Sulfur-containing compounds that are typically present in hydrocarbon fuels include aliphatic molecules such as sulfides, disulfides and mercaptans as well as aromatic molecules such as thiophene, benzothiophene and its long chain alkylated derivatives, and dibenzothiophene and its alkyl derivatives such as 4,6-dimethyl-dibenzothiophene. Aromatic sulfur-containing molecules have a higher boiling point than aliphatic sulfur-containing molecules, and are consequently more abundant in higher boiling fractions.

In addition, certain fractions of gas oils possess different properties. The following table illustrates the properties of light and heavy gas oils derived from Arabian Light crude oil:

TABLE 1
Feedstock Name Light Heavy
Blending Ratio
API Gravity ° 37.5 30.5
Carbon W % 85.99 85.89
Hydrogen W % 13.07 12.62
Sulfur W % 0.95 1.65
Nitrogen ppmw 42 225
ASTM D86 Distillation
IBP/5 V % ° C. 189/228 147/244
10/30 V % ° C. 232/258 276/321
50/70 V % ° C. 276/296 349/373
85/90 V % ° C. 319/330 392/398
  95 V % ° C. 347
Sulfur Speciation
Organosulfur Compounds ppmw 4591 3923
Boiling Less than 310° C.
Dibenzothiophenes ppmw 1041 2256
C1- Dibenzothiophenes ppmw 1441 2239
C2- Dibenzothiophenes ppmw 1325 2712
C3- Dibenzothiophenes ppmw 1104 5370

As set forth above in Table 1, the light and heavy gas oil fractions have ASTM (American Society for Testing and Materials) D86 90V % point of 319° C. and 392° C., respectively. Further, the light gas oil fraction contains less sulfur and nitrogen than the heavy gas oil fraction (0.95 W % sulfur as compared to 1.65 W % sulfur and 42 ppmw nitrogen as compared to 225 ppmw nitrogen).

It is known that middle distillate cut boiling in the range of 170° C.-400° C. contains sulfur species including thiols, sulfides, disulfides, thiophenes, benzothiophenes, dibenzothiophenes, and benzonaphthothiophenes, with and without alkyl substituents. (Hua, et al., “Determination of Sulfur-containing Compounds in Diesel Oils by Comprehensive Two-Dimensional Gas Chromatography with a Sulfur Chemiluminescence Detector,” Journal of Chromatography A, 1019 (2003) pp. 101-109).

The sulfur specification and content of light and heavy gas oils are conventionally analyzed by two methods. In the first method, sulfur species are categorized based on structural groups. The structural groups include one group having sulfur-containing compounds boiling at less than 310° C., including dibenzothiophenes and its alkylated isomers, and another group including 1, 2 and 3 methyl-substituted dibenzothiophenes, denoted as C1, C2 and C3, respectively.
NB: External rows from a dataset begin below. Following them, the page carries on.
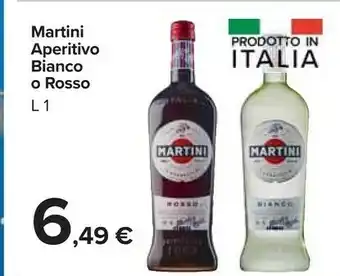 Carrefour Market L'aperitivo bianco 1000 g(ml) offerta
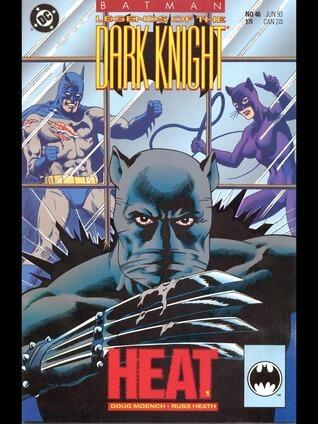 Batman: Heat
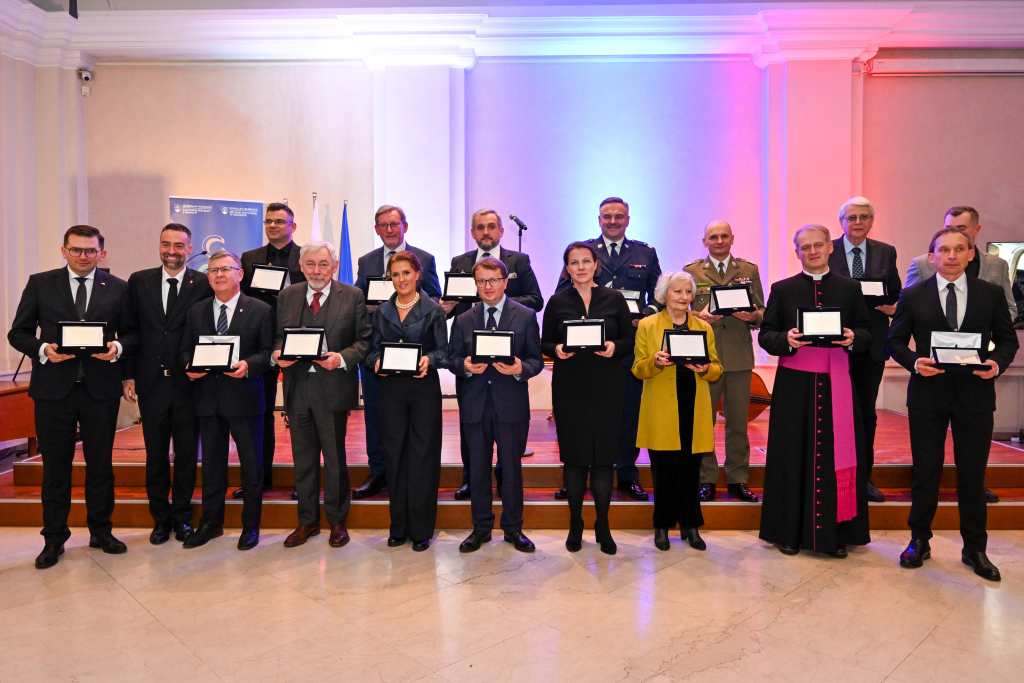 Jubileusz, Konsulat, Konsulatu, Słowacja, Słowacji, uroczystość, medal, Majchrowski, 2022, grudz  Autor: P. Wojnarowski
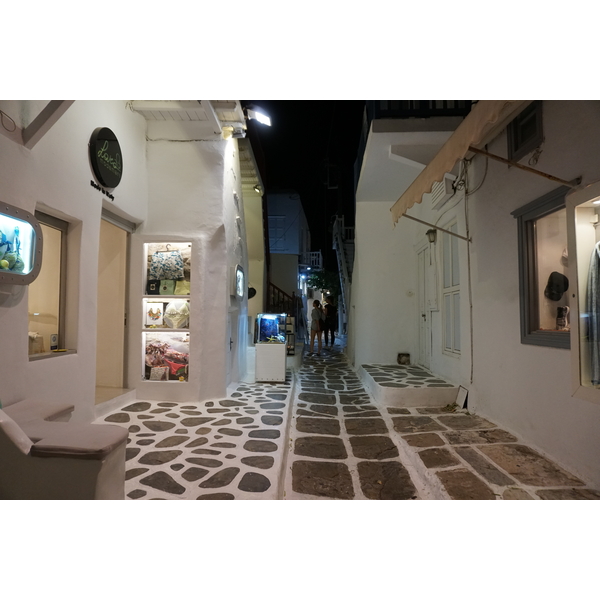 Picture Greece Mykonos 2016-07 19 - Center Mykonos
Based on this method, the heavy gas oil fraction contains more alkylated di-benzothiophene molecules than the light gas oils.
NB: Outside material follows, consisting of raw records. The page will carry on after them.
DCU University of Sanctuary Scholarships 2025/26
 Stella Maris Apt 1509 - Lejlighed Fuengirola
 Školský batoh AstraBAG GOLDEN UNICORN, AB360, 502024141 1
In the second method of analyzing sulfur content of light and heavy gas oils, the cumulative sulfur concentrations are plotted against the boiling points of the sulfur-containing compounds to observe concentration variations and trends. The heavy gas oil fraction contains a higher content of heavier sulfur-containing compounds and lower content of lighter sulfur-containing compounds as compared to the light gas oil fraction. For example, it is found that 5370 ppmw of C3-dibenzothiophene, and bulkier molecules such as benzonaphthothiophenes, are present in the heavy gas oil fraction, compared to 1104 ppmw in the light gas oil fraction. In contrast, the light gas oil fraction contains a higher content of light sulfur-containing compounds compared to heavy gas oil. Light sulfur-containing compounds are structurally less bulky than dibenzothiophenes and boil at less than 310° C. Also, twice as much C1 and C2 alkyl-substituted dibenzothiophenes exist in the heavy gas oil fraction as compared to the light gas oil fraction.

Aliphatic sulfur-containing compounds are more easily desulfurized (labile) using conventional hydrodesulfurization methods. However, certain highly branched aliphatic molecules can hinder the sulfur atom removal and are moderately more difficult to desulfurize (refractory) using conventional hydrodesulfurization methods.

Among the sulfur-containing aromatic compounds, thiophenes and benzothiophenes are relatively easy to hydrodesulfurize. The addition of alkyl groups to the ring compounds increases the difficulty of hydrodesulfurization. Dibenzothiophenes resulting from addition of another ring to the benzothiophene family are even more difficult to desulfurize, and the difficulty varies greatly according to their alkyl substitution, with di-beta substitution being the most difficult to desulfurize, thus justifying their “refractory” appellation. These beta substituents hinder exposure of the heteroatom to the active site on the catalyst.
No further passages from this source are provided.